◆ Supplied data:
************

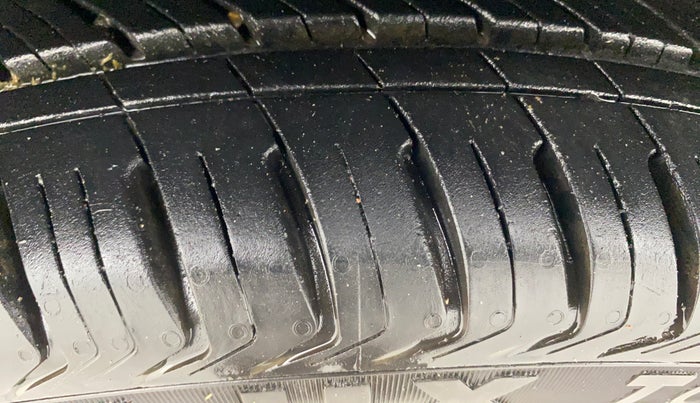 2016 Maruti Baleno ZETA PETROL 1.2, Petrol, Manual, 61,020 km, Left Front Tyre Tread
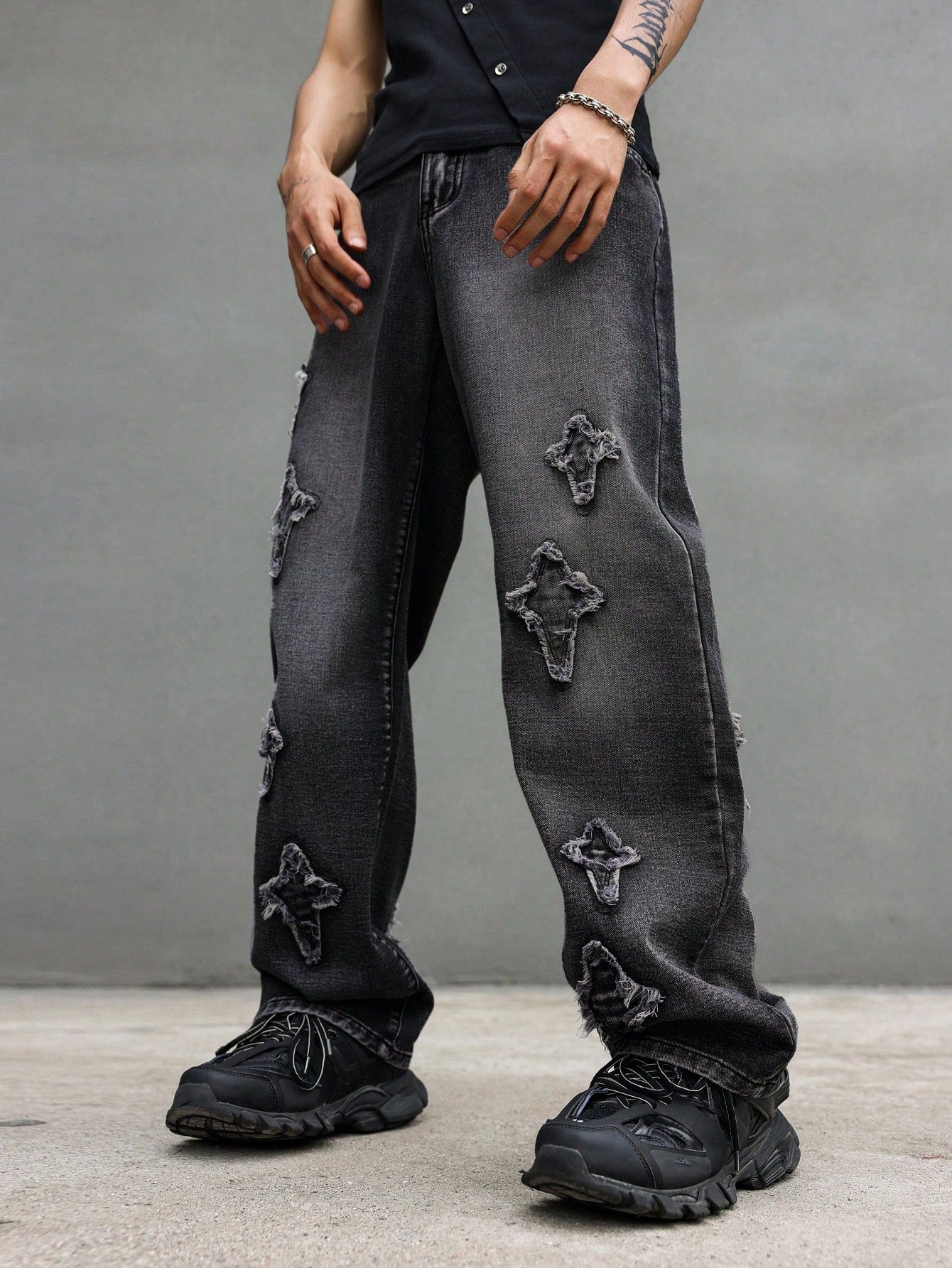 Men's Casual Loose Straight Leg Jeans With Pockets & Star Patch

************

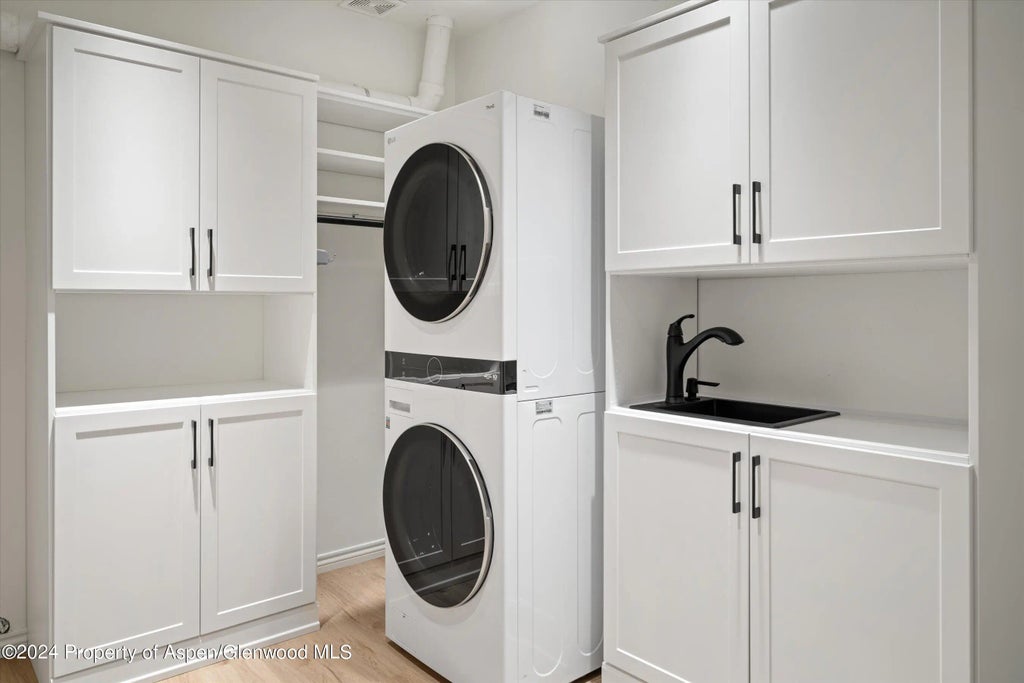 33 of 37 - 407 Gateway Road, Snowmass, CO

************

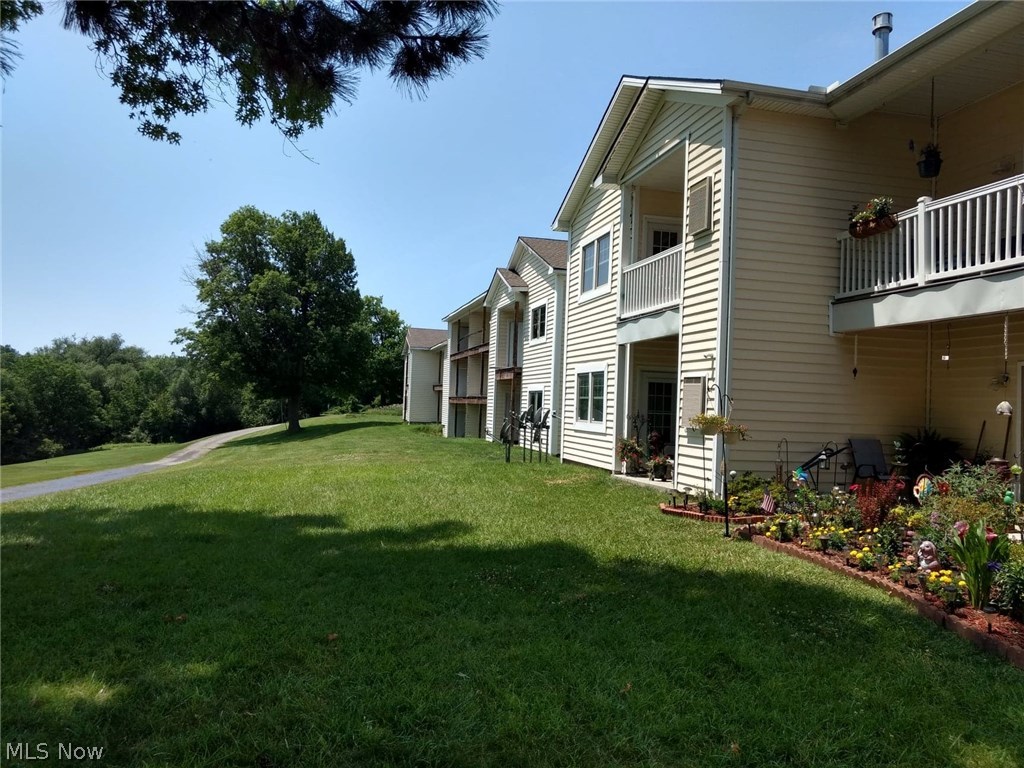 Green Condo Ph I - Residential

************

A verbatim reproduction is expected: starting at the line above that has "2016 Maruti Baleno", ending at the line that has "Men's Casual Loose", both included, and with no pictures and no other lines.

 2016 Maruti Baleno ZETA PETROL 1.2, Petrol, Manual, 61,020 km, Left Front Tyre Tread
 Men's Casual Loose Straight Leg Jeans With Pockets & Star Patch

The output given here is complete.